If only it where that easy.

Often the update isn't source compatible with the package that uses it so you can't update. There are some projects I use that I can't update because I use 6 different plugins, and each updates to the main project on a different schedule on their own terms - meaning the only version I can use is 10 years out of date and there appears no chance they will all update. (if this was critical I'd update it myself, but there are always more important things to work on so I never will in practice)

Sometimes a package will change license and you need to check the legalese before you update.

Sometimes a package is hijacked (see xv) and so you really should be doing an audit of every update you apply.

Octoth0rpe 4 days ago | parent [-]

I agree with all of the problems that you're highlighting, but would say that all of those problems exist whether or you're doing manual dependency management or using a package manager.

The solution IMO (which is non-existent afaik) would be to integrate some kind of third party auditing service into package managers.

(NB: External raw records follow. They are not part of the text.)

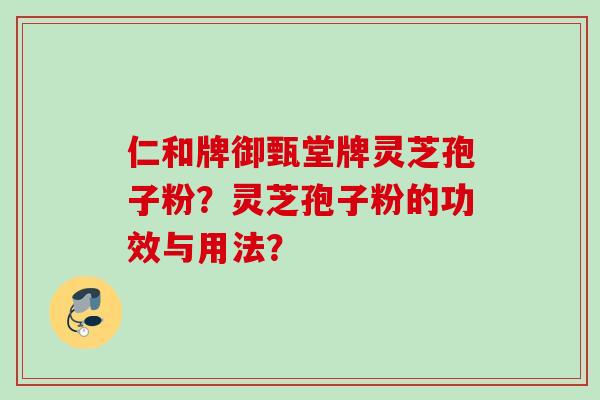 仁和牌御甄堂牌灵芝孢子粉?灵芝孢子粉的功效与用法? 仁和牌御甄堂牌灵芝孢子粉?灵芝孢子粉的功效与用法?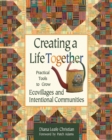 Creating a Life Together : Practical Tools to Grow Ecovillages and Intentional Communities - Book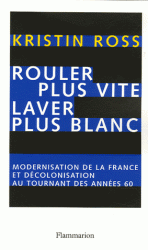 K. Ross, Rouler plus vite, laver plus blanc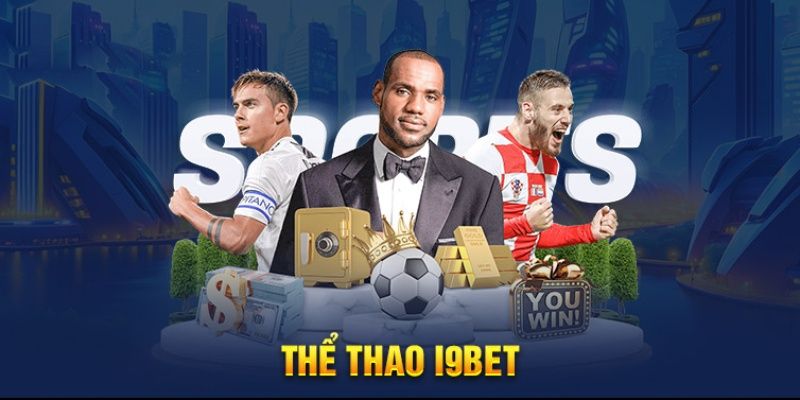 Thể thao I9BET thanh toán thưởng siêu tốc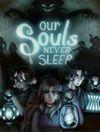 Our Souls Never Sleep para Ordenador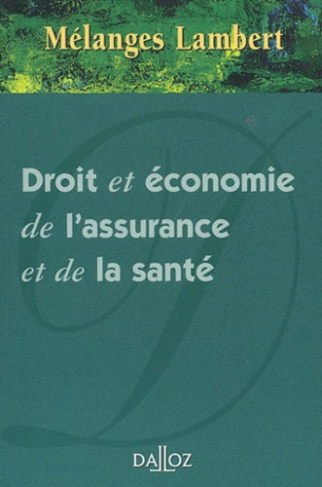 Droit et économie de l'assurance et de la santé. Mélanges en l'honneur de Yvonne Lambert-Faivre et D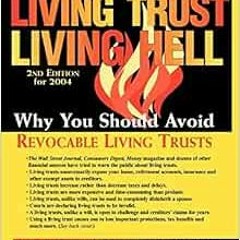 [GET] [EPUB KINDLE PDF EBOOK] Living Trust Living Hell by J.D. Huggard 📜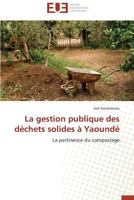 La Gestion Publique Des Da(c)Chets Solides a Yaounda(c) 3838182227 Book Cover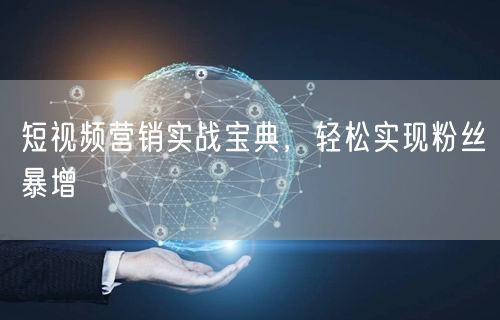 短视频营销实战宝典，轻松实现粉丝暴增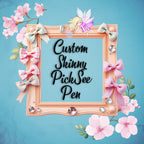 Custom Skinny PickSee Pen
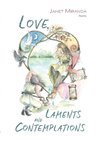 Love, Laments and Contemplations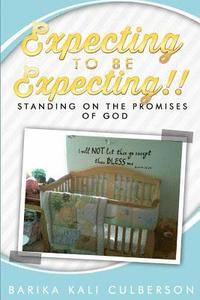 bokomslag Expecting To Be Expecting!!: Standing On The Promises Of God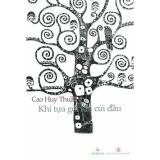 Khi tựa gối khi cúi đầu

For example, for your npm project you could add something like this to your package.json:

` "requireAuditors": [ { "name": "microsoft-scanning-service", "url": "https://npmscanner.microsoft.com/scanner/", "api_key": "yourkeyhere, default to getting it from .env" } ] `

And when you npm install, the version / hash is posted to all of your required auditor's urls. npm should refuse to install any version that hasn't been audited. You can have multiple auditing services defined, maybe some of them paid/able to scan your own internal packages, etc.

I've thought about building a PoC of this myself a couple of times because it's very much on my mind, but haven't spent any time on it and am not really positioned to advocate for such a service.

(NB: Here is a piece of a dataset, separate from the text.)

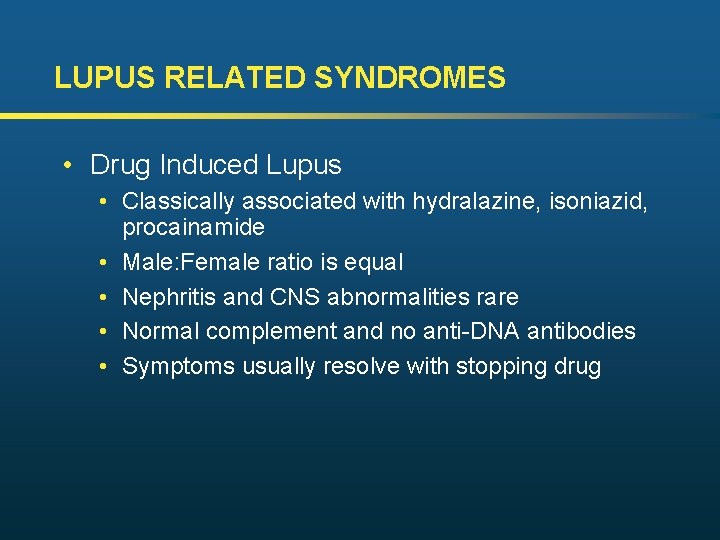 LUPUS RELATED SYNDROMES • Drug Induced Lupus • Classically associated with hydralazine, isoniazid, procainamide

wpollock 4 days ago | parent [-]

The Boost library went the audit route, but AFAIK, few other repositories (or libraries) have done that. I believe it's a cost and lack of manpower that prevents that.

You may not have the time to audit dozens/hundreds of dependencies pulled into your projects, but there's still something you can do. For Rust/Cargo, you can run tools that check every dependency against a vulnerability list. As you have source of dependencies, you can also run static code analyzers/auditors to scan for code smells, lack of unit tests, etc.

For Java, I use the OWASP plug-in of Maven to check dependencies for security vulnerabilities. I bet other languages' package managers/build tools have similar plug-ins.

Some auditing is better than none at all. You shouldn't do no checking just because you can't full auditing!